[Task to complete]
Your response should contain only the lines running from the top of the data below through the line with "Financial Statement Analysis", both included. Pictures must be omitted.

[Scraped caption text data]
********
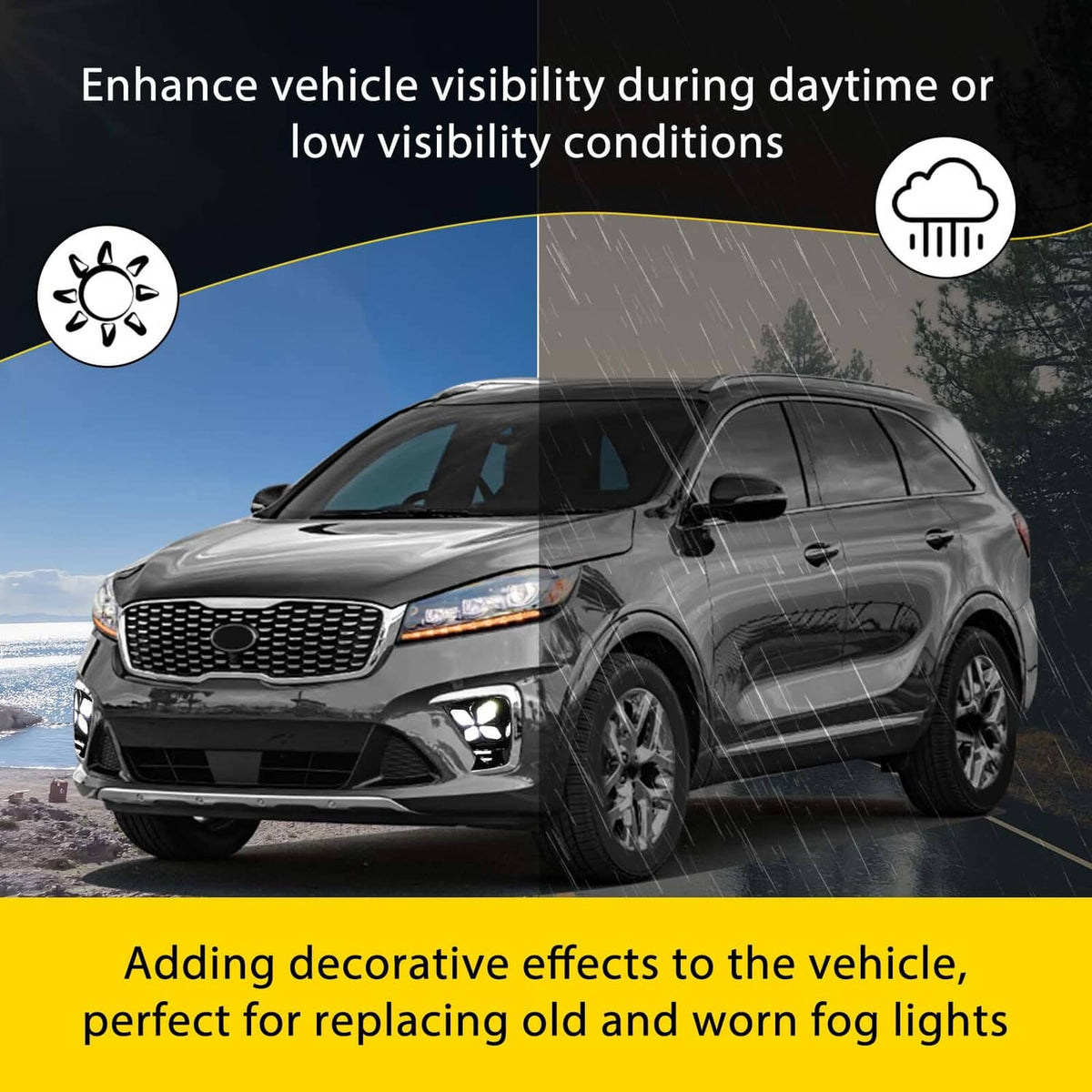 Solid Spare LED Fog Lights DRL Daytime Running Driving Lamps For Kia Sorento 2019-2020 LH+RH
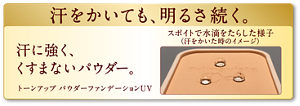 トーンアップ パウダーファンデーションUVにスポイトで水滴を垂らした様子(汗をかいた時のイメージ)。汗をかいても、明るさ続く。汗に強く、くすまないパウダー。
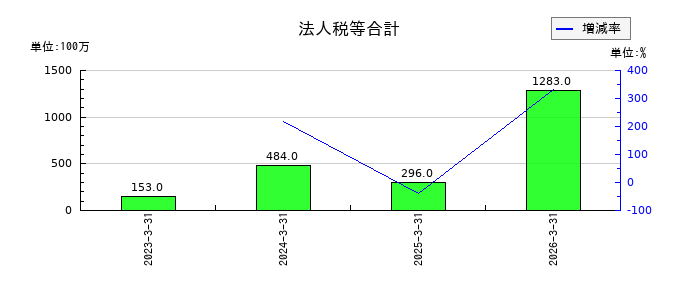 南海化学の法人税等合計の推移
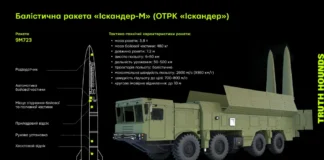 Іскандер: загроза з неба або зброя точкового терору Іскандер-М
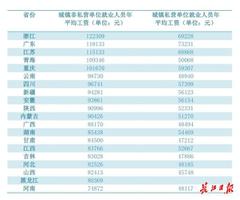 武汉市2021年社平工资是多少钱 ?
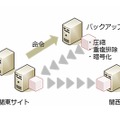 「RemoStorage」サービスイメージ図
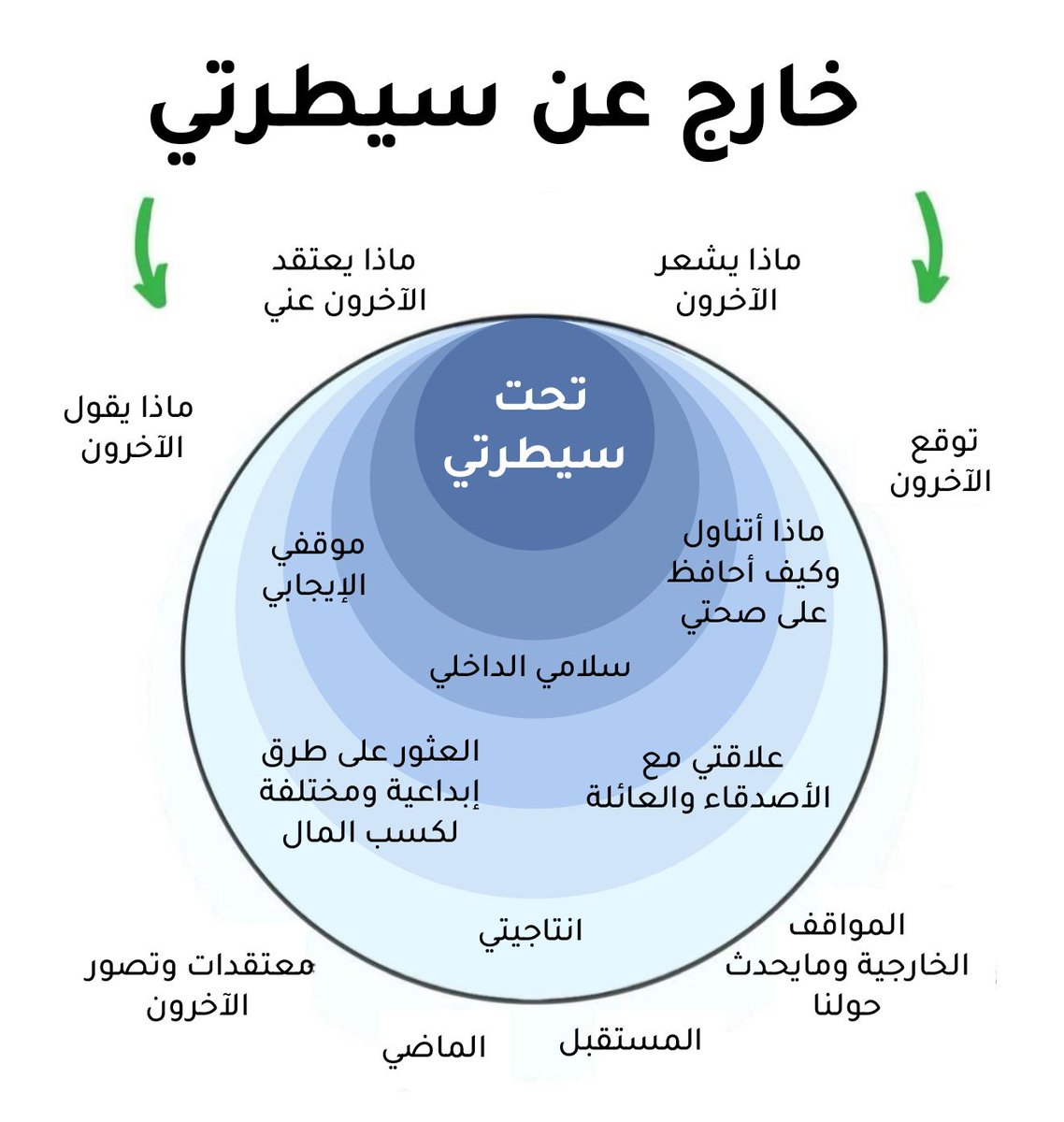رياض الحميدان tweet media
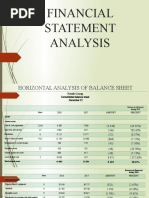 Financial Statement Analysis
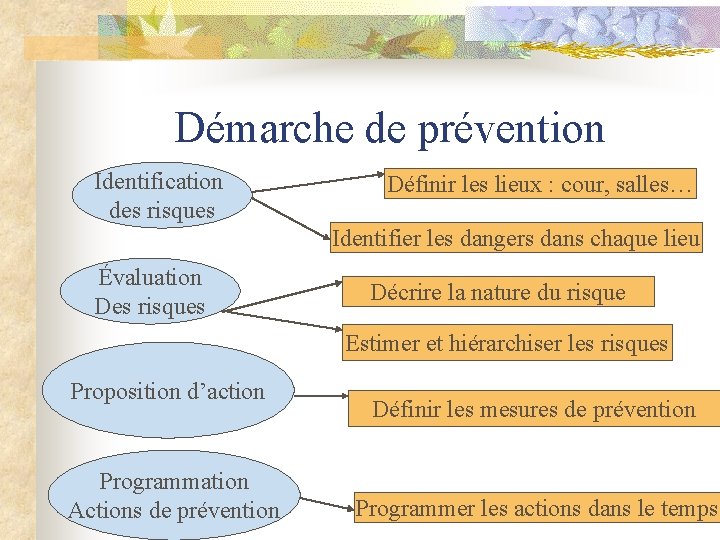 Démarche de prévention Identification des risques Définir les lieux : cour, salles… Identifier les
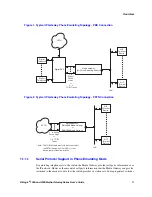 Preview for 27 page of Dialogic 1000Series User Manual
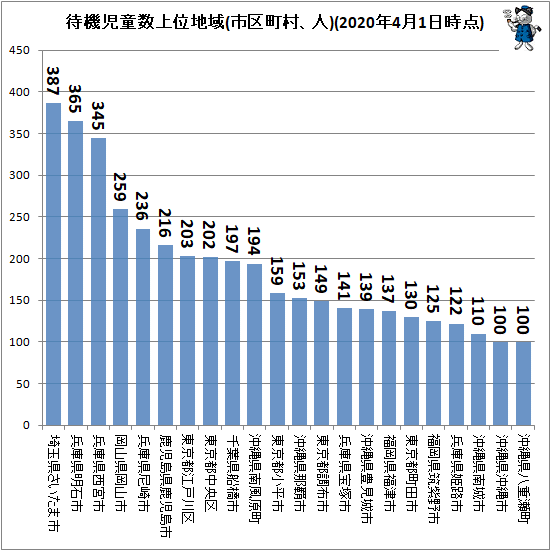 ↑ 待機児童数上位市区町村(2020年4月1日時点)
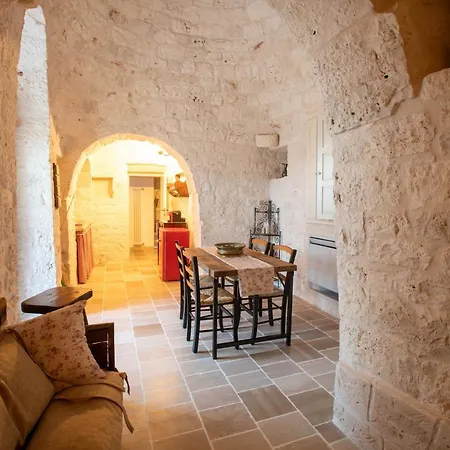 Exclusive Luxury Monte Pompilio *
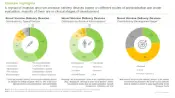This image highlights market trends of Novel Vaccine Delivery Devices Market. A myriad of invasive and non-invasive delivery devices based on different routes of administration are under evaluation; majority of them are in clinical stages of development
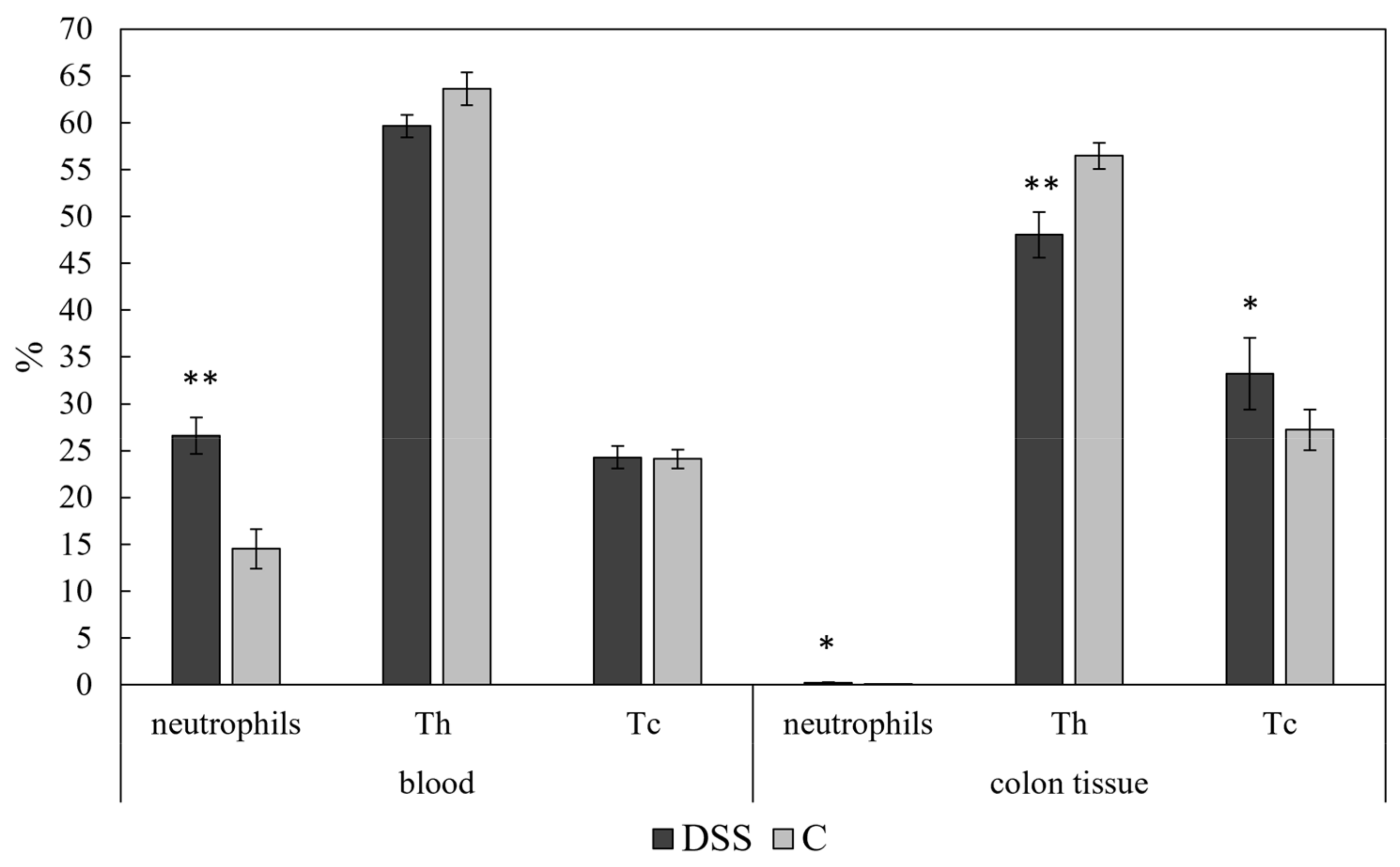 Vetsci 09 00238 g006 Vetsci 09 00238 g006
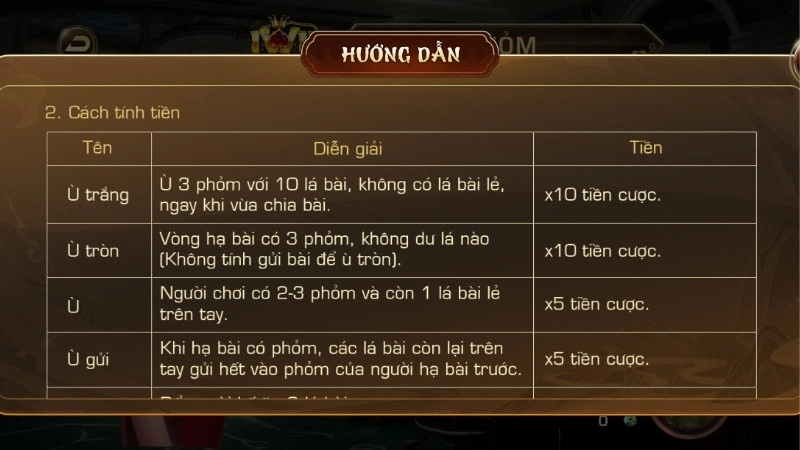 Các cách tính điểm của game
********
[Response]
 Solid Spare LED Fog Lights DRL Daytime Running Driving Lamps For Kia Sorento 2019-2020 LH+RH
 トーンアップ パウダーファンデーションUVにスポイトで水滴を垂らした様子(汗をかいた時のイメージ)。汗をかいても、明るさ続く。汗に強く、くすまないパウダー。
 南海化学の法人税等合計の推移
 Іскандер: загроза з неба або зброя точкового терору Іскандер-М
 武汉市2021年社平工资是多少钱 ?
 「RemoStorage」サービスイメージ図
رياض الحميدان tweet media
 Financial Statement Analysis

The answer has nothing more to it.